Recently, the IRS in Notice 2014-33 announced that calendar years 2014 and 2015 are regarded as transition periods for enforcement and administration of FATCA. This notice grants FFIs and other entities that are obligated to withhold FATCA taxes a limited amount of discretion implementing FATCA’s numerous provisions assuming these FFIs undertake their FATCA obligations in good faith under the existing FATCA Treasury Regulations. This good faith transaction period will provide a limited time frame during which FFIs and others can exercise some reasonable discretion in implementing FATCA’s due diligence, withholding and reporting requirements. However, nothing within Notice 2014-33 delays or suspends the requirement to obtain a GIIN, or for FFIs to withhold FATCA tax for FATCA payments to non GIIN providing taxpayers.
Many U.S. persons conduct their financial affairs through privately-held investment vehicles for both privacy and wealth planning purposes. These privately-held investment vehicles come in a variety of different forms, generally selected after a thoughtful consideration of the relative benefits and burdens, including both nontax and tax aspects of each structure.

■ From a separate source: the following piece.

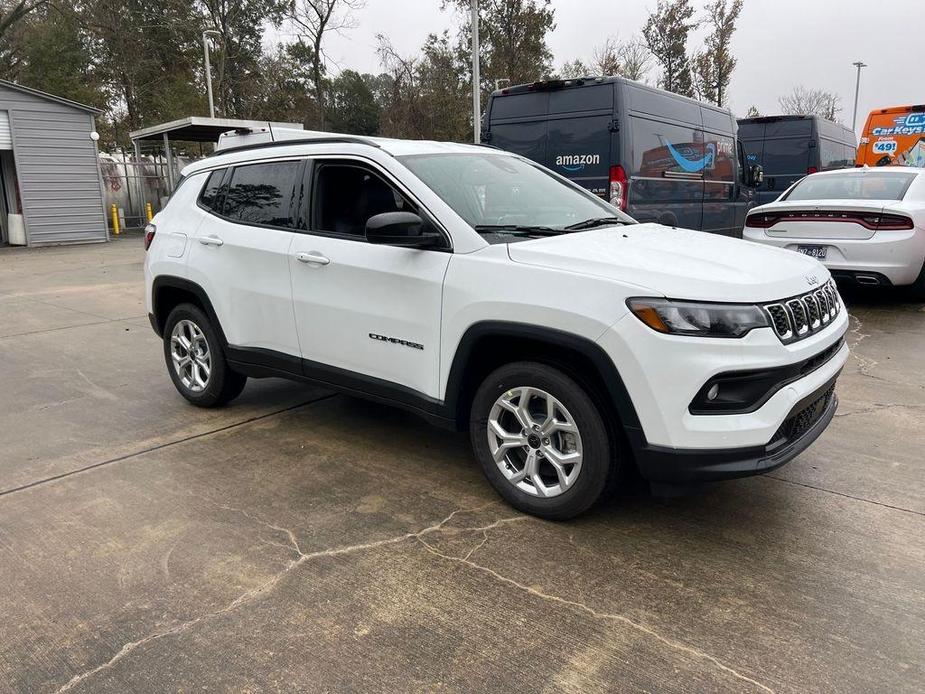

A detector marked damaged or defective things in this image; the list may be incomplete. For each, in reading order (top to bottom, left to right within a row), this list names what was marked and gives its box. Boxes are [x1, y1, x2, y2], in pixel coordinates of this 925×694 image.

cracked concrete [1, 238, 924, 692]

Oftentimes these structures are placed in international locations. International locations often have more favorable laws or judicial systems than are available in the U.S. The placement of these structures in an international financial center generally has more to do with favorable underlying laws or access to an international investment market than more nefarious motives such as tax evasion (which is illegal in almost all jurisdictions, including in the U.S.). Unfortunately, FATCA paints all U.S. persons with the same broad brush regardless of the underlying facts, and hence applies a burdensome uniform set of rules and regulations to both the innocent and the mal-intentioned.
Private investors need to recognize that FATCA is not going away and is now in full force and effect. Registering, establishing the required procedures, and demonstrating the requisite level of due diligence and documentation require time, something that is now in very short supply. Accordingly, action needs to be undertaken immediately, especially by FFIs, to become FATCA compliant. Becoming FATCA compliant now will allow private investment vehicles to avoid becoming subject to the new thirty (30) percent FATCA tax on future receipt of payments subject to FATCA’s withholding provisions. We strongly advise 1.) completing registration with the IRS and receiving a GIIN ASAP if required to do so and 2.) a thorough review of your current international structure to analyze what additional steps are necessary to become fully compliant for FATCA purposes.